### What you need to do
Nothing below is to be printed except the lines between the line holding "تعمیرات مایکروفر فلر در تهران" and the line holding "Silentblock de brazo", inclusive, each exactly as it appears.

─── Data for review ───

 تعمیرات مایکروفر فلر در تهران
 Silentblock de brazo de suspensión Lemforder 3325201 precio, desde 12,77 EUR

───
─── Data for review ───

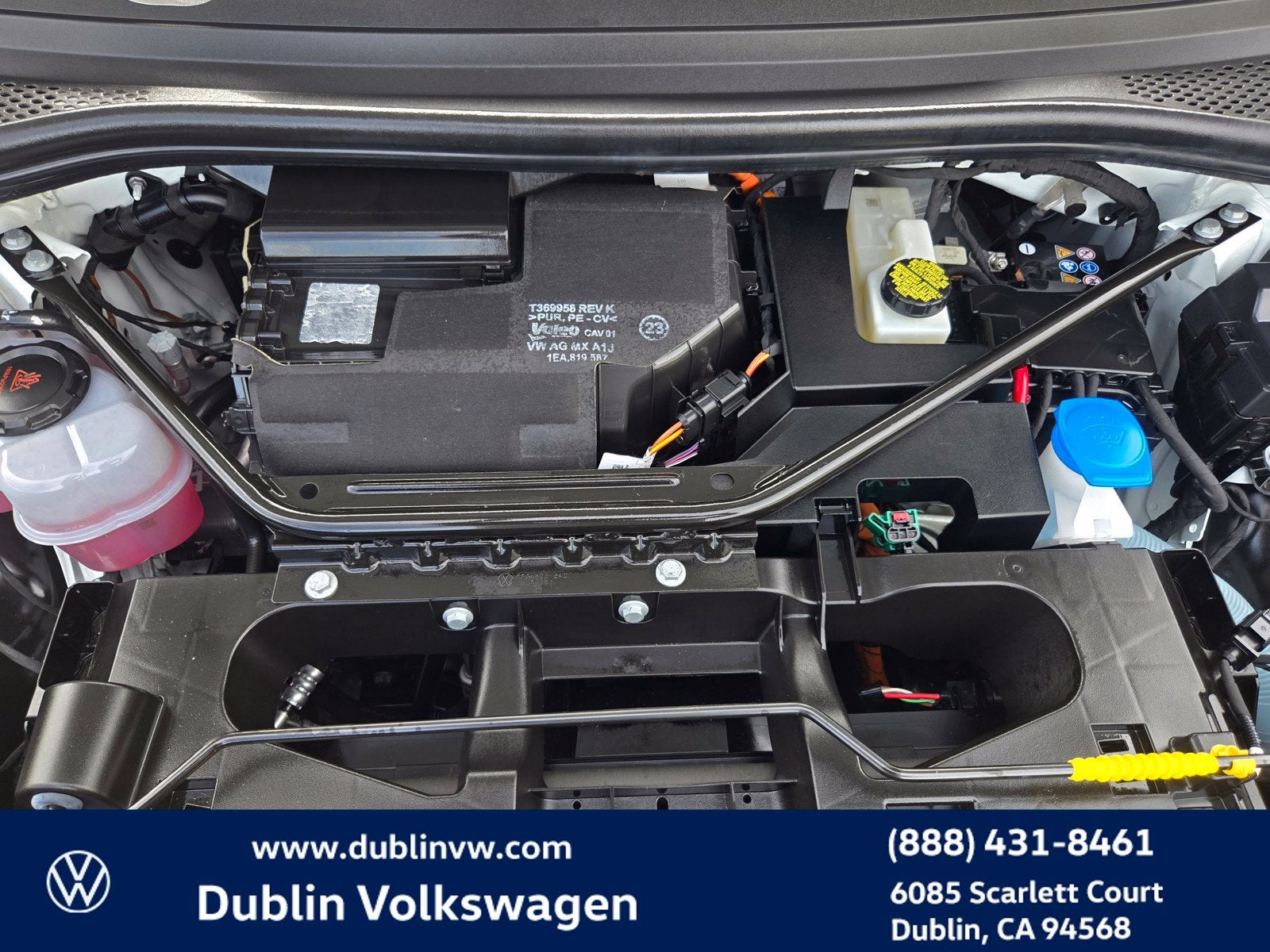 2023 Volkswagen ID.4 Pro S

───

### Written response
 تعمیرات مایکروفر فلر در تهران
 Silentblock de brazo de suspensión Lemforder 3325201 precio, desde 12,77 EUR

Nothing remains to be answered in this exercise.